Could you copy all of the records below exactly as they appear?

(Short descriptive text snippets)
⟨
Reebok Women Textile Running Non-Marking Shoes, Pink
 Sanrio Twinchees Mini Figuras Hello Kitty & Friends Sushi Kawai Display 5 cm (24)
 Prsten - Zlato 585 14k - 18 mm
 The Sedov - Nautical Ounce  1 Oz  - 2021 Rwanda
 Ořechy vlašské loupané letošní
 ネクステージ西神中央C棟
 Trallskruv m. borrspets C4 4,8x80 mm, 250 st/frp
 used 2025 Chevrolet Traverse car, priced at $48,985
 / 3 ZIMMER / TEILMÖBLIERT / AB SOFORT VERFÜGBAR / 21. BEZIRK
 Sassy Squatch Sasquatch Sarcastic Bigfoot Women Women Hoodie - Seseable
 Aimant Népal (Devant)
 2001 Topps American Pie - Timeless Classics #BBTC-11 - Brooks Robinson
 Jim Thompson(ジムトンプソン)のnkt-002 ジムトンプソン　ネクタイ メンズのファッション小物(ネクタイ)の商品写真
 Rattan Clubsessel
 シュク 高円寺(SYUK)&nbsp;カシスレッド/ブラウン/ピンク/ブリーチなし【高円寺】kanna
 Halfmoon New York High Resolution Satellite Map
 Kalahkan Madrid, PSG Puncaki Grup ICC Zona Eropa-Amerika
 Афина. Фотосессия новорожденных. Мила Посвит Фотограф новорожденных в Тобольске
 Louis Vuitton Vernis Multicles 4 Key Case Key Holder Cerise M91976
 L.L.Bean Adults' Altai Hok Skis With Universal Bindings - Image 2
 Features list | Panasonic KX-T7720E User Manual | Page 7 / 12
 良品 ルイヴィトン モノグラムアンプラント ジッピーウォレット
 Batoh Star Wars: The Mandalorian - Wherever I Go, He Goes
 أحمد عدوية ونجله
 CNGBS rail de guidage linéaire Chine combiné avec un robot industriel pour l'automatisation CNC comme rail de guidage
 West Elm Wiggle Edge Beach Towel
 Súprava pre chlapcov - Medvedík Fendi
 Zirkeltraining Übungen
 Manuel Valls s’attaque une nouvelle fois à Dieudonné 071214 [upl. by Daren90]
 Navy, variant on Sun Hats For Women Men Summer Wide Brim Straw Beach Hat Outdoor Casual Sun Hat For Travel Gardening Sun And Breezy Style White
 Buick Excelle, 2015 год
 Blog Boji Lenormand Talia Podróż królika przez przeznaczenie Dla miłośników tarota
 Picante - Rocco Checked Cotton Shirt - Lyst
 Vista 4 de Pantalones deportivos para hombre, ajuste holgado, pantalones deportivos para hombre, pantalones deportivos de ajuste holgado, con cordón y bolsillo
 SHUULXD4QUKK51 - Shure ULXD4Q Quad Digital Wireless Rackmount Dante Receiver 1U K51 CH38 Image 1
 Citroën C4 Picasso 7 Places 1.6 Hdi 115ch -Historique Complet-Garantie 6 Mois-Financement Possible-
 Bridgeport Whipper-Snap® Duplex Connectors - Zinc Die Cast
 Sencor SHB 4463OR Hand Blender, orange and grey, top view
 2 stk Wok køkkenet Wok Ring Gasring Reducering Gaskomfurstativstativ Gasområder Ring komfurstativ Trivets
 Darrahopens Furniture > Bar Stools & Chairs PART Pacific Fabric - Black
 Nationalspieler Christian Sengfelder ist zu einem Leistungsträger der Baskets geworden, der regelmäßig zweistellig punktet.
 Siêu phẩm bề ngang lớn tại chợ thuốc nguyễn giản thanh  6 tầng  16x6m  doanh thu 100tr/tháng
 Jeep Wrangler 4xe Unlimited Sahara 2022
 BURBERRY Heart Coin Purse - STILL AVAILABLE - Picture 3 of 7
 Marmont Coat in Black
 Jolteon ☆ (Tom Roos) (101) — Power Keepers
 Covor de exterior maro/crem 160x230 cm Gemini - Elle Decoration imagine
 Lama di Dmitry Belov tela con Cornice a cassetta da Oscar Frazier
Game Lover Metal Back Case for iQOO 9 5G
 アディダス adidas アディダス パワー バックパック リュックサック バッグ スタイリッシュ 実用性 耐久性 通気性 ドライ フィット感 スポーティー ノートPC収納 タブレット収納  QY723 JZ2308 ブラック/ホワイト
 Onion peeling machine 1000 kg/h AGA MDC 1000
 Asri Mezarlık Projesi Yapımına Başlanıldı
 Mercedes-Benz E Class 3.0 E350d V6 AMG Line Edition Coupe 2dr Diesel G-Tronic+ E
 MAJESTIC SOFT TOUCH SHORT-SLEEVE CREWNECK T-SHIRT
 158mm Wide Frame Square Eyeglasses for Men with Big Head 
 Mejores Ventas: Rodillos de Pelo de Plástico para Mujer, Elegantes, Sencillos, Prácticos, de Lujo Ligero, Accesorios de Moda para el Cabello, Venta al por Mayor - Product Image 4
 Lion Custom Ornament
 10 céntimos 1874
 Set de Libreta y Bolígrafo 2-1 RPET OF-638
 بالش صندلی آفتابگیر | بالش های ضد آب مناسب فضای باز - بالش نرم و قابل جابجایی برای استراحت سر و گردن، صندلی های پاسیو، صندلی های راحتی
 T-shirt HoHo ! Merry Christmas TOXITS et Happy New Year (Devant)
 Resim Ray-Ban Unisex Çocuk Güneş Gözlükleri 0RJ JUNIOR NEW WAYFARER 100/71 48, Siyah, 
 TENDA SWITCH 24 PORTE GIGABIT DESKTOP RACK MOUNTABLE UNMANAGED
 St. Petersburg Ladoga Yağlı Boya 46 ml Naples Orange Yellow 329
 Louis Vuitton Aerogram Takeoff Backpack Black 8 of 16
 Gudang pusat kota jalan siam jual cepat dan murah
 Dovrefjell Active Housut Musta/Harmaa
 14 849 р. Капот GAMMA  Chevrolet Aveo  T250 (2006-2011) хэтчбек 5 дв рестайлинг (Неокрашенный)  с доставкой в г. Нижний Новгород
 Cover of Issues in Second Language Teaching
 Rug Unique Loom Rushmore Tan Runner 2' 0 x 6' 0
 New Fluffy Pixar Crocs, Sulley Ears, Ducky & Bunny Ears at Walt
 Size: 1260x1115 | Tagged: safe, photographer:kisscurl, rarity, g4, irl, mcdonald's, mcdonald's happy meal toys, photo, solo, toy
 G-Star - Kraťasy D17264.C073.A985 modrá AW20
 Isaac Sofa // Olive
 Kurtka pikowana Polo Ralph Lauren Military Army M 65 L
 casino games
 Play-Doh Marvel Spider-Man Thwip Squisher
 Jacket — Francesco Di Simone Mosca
⟩
**Answer below**
Reebok Women Textile Running Non-Marking Shoes, Pink
 Sanrio Twinchees Mini Figuras Hello Kitty & Friends Sushi Kawai Display 5 cm (24)
 Prsten - Zlato 585 14k - 18 mm
 The Sedov - Nautical Ounce  1 Oz  - 2021 Rwanda
 Ořechy vlašské loupané letošní
 ネクステージ西神中央C棟
 Trallskruv m. borrspets C4 4,8x80 mm, 250 st/frp
 used 2025 Chevrolet Traverse car, priced at $48,985
 / 3 ZIMMER / TEILMÖBLIERT / AB SOFORT VERFÜGBAR / 21. BEZIRK
 Sassy Squatch Sasquatch Sarcastic Bigfoot Women Women Hoodie - Seseable
 Aimant Népal (Devant)
 2001 Topps American Pie - Timeless Classics #BBTC-11 - Brooks Robinson
 Jim Thompson(ジムトンプソン)のnkt-002 ジムトンプソン　ネクタイ メンズのファッション小物(ネクタイ)の商品写真
 Rattan Clubsessel
 シュク 高円寺(SYUK)&nbsp;カシスレッド/ブラウン/ピンク/ブリーチなし【高円寺】kanna
 Halfmoon New York High Resolution Satellite Map
 Kalahkan Madrid, PSG Puncaki Grup ICC Zona Eropa-Amerika
 Афина. Фотосессия новорожденных. Мила Посвит Фотограф новорожденных в Тобольске
 Louis Vuitton Vernis Multicles 4 Key Case Key Holder Cerise M91976
 L.L.Bean Adults' Altai Hok Skis With Universal Bindings - Image 2
 Features list | Panasonic KX-T7720E User Manual | Page 7 / 12
 良品 ルイヴィトン モノグラムアンプラント ジッピーウォレット
 Batoh Star Wars: The Mandalorian - Wherever I Go, He Goes
 أحمد عدوية ونجله
 CNGBS rail de guidage linéaire Chine combiné avec un robot industriel pour l'automatisation CNC comme rail de guidage
 West Elm Wiggle Edge Beach Towel
 Súprava pre chlapcov - Medvedík Fendi
 Zirkeltraining Übungen
 Manuel Valls s’attaque une nouvelle fois à Dieudonné 071214 [upl. by Daren90]
 Navy, variant on Sun Hats For Women Men Summer Wide Brim Straw Beach Hat Outdoor Casual Sun Hat For Travel Gardening Sun And Breezy Style White
 Buick Excelle, 2015 год
 Blog Boji Lenormand Talia Podróż królika przez przeznaczenie Dla miłośników tarota
 Picante - Rocco Checked Cotton Shirt - Lyst
 Vista 4 de Pantalones deportivos para hombre, ajuste holgado, pantalones deportivos para hombre, pantalones deportivos de ajuste holgado, con cordón y bolsillo
 SHUULXD4QUKK51 - Shure ULXD4Q Quad Digital Wireless Rackmount Dante Receiver 1U K51 CH38 Image 1
 Citroën C4 Picasso 7 Places 1.6 Hdi 115ch -Historique Complet-Garantie 6 Mois-Financement Possible-
 Bridgeport Whipper-Snap® Duplex Connectors - Zinc Die Cast
 Sencor SHB 4463OR Hand Blender, orange and grey, top view
 2 stk Wok køkkenet Wok Ring Gasring Reducering Gaskomfurstativstativ Gasområder Ring komfurstativ Trivets
 Darrahopens Furniture > Bar Stools & Chairs PART Pacific Fabric - Black
 Nationalspieler Christian Sengfelder ist zu einem Leistungsträger der Baskets geworden, der regelmäßig zweistellig punktet.
 Siêu phẩm bề ngang lớn tại chợ thuốc nguyễn giản thanh  6 tầng  16x6m  doanh thu 100tr/tháng
 Jeep Wrangler 4xe Unlimited Sahara 2022
 BURBERRY Heart Coin Purse - STILL AVAILABLE - Picture 3 of 7
 Marmont Coat in Black
 Jolteon ☆ (Tom Roos) (101) — Power Keepers
 Covor de exterior maro/crem 160x230 cm Gemini - Elle Decoration imagine
 Lama di Dmitry Belov tela con Cornice a cassetta da Oscar Frazier
Game Lover Metal Back Case for iQOO 9 5G
 アディダス adidas アディダス パワー バックパック リュックサック バッグ スタイリッシュ 実用性 耐久性 通気性 ドライ フィット感 スポーティー ノートPC収納 タブレット収納  QY723 JZ2308 ブラック/ホワイト
 Onion peeling machine 1000 kg/h AGA MDC 1000
 Asri Mezarlık Projesi Yapımına Başlanıldı
 Mercedes-Benz E Class 3.0 E350d V6 AMG Line Edition Coupe 2dr Diesel G-Tronic+ E
 MAJESTIC SOFT TOUCH SHORT-SLEEVE CREWNECK T-SHIRT
 158mm Wide Frame Square Eyeglasses for Men with Big Head 
 Mejores Ventas: Rodillos de Pelo de Plástico para Mujer, Elegantes, Sencillos, Prácticos, de Lujo Ligero, Accesorios de Moda para el Cabello, Venta al por Mayor - Product Image 4
 Lion Custom Ornament
 10 céntimos 1874
 Set de Libreta y Bolígrafo 2-1 RPET OF-638
 بالش صندلی آفتابگیر | بالش های ضد آب مناسب فضای باز - بالش نرم و قابل جابجایی برای استراحت سر و گردن، صندلی های پاسیو، صندلی های راحتی
 T-shirt HoHo ! Merry Christmas TOXITS et Happy New Year (Devant)
 Resim Ray-Ban Unisex Çocuk Güneş Gözlükleri 0RJ JUNIOR NEW WAYFARER 100/71 48, Siyah, 
 TENDA SWITCH 24 PORTE GIGABIT DESKTOP RACK MOUNTABLE UNMANAGED
 St. Petersburg Ladoga Yağlı Boya 46 ml Naples Orange Yellow 329
 Louis Vuitton Aerogram Takeoff Backpack Black 8 of 16
 Gudang pusat kota jalan siam jual cepat dan murah
 Dovrefjell Active Housut Musta/Harmaa
 14 849 р. Капот GAMMA  Chevrolet Aveo  T250 (2006-2011) хэтчбек 5 дв рестайлинг (Неокрашенный)  с доставкой в г. Нижний Новгород
 Cover of Issues in Second Language Teaching
 Rug Unique Loom Rushmore Tan Runner 2' 0 x 6' 0
 New Fluffy Pixar Crocs, Sulley Ears, Ducky & Bunny Ears at Walt
 Size: 1260x1115 | Tagged: safe, photographer:kisscurl, rarity, g4, irl, mcdonald's, mcdonald's happy meal toys, photo, solo, toy
 G-Star - Kraťasy D17264.C073.A985 modrá AW20
 Isaac Sofa // Olive
 Kurtka pikowana Polo Ralph Lauren Military Army M 65 L
 casino games
 Play-Doh Marvel Spider-Man Thwip Squisher
 Jacket — Francesco Di Simone Mosca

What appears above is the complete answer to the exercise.